───── SOURCE MATERIAL
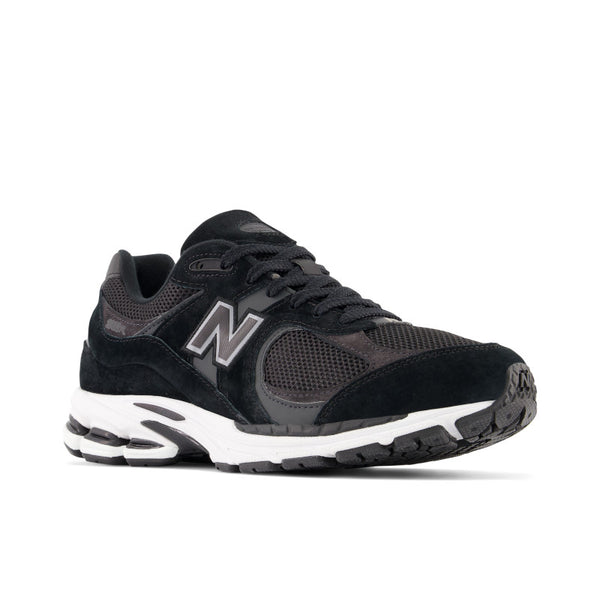 The forward-thinking style of the 2002R is rooted in performance running. Inspired by the MR2002, a high-end running model originally released in 2010, the 2002R offers a ready-to-wear take on sleek, technical design.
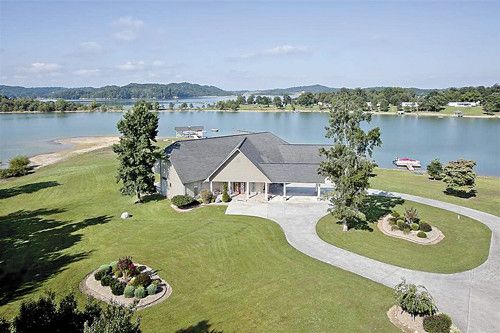 2020 Harbor Hills Drive, Dandridge, TN 37725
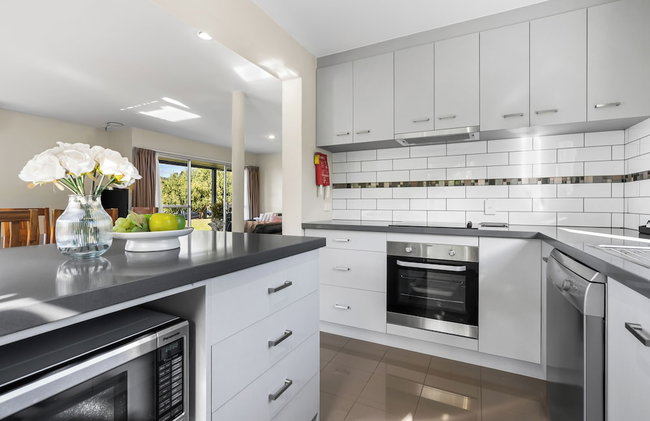 Bay View Villas - Photo 26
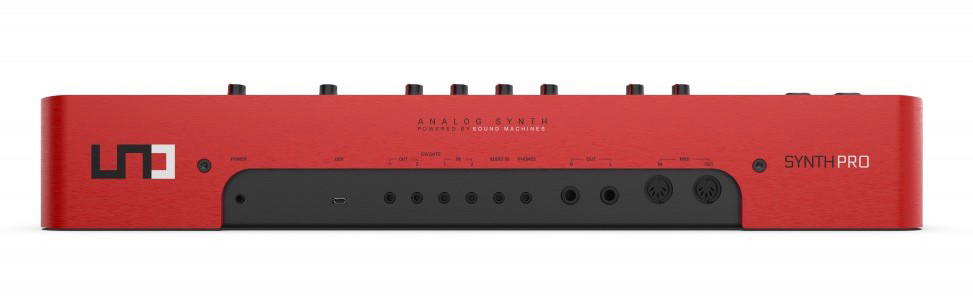 IK Multimedia UNO Synth Pro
──────────
# [EXERCISE DESCRIPTION]
Transcribe every line of the data exactly. No pictures go in the copy.

# [RESULT OF THE TASK]
 The forward-thinking style of the 2002R is rooted in performance running. Inspired by the MR2002, a high-end running model originally released in 2010, the 2002R offers a ready-to-wear take on sleek, technical design.
 2020 Harbor Hills Drive, Dandridge, TN 37725
 Bay View Villas - Photo 26
 IK Multimedia UNO Synth Pro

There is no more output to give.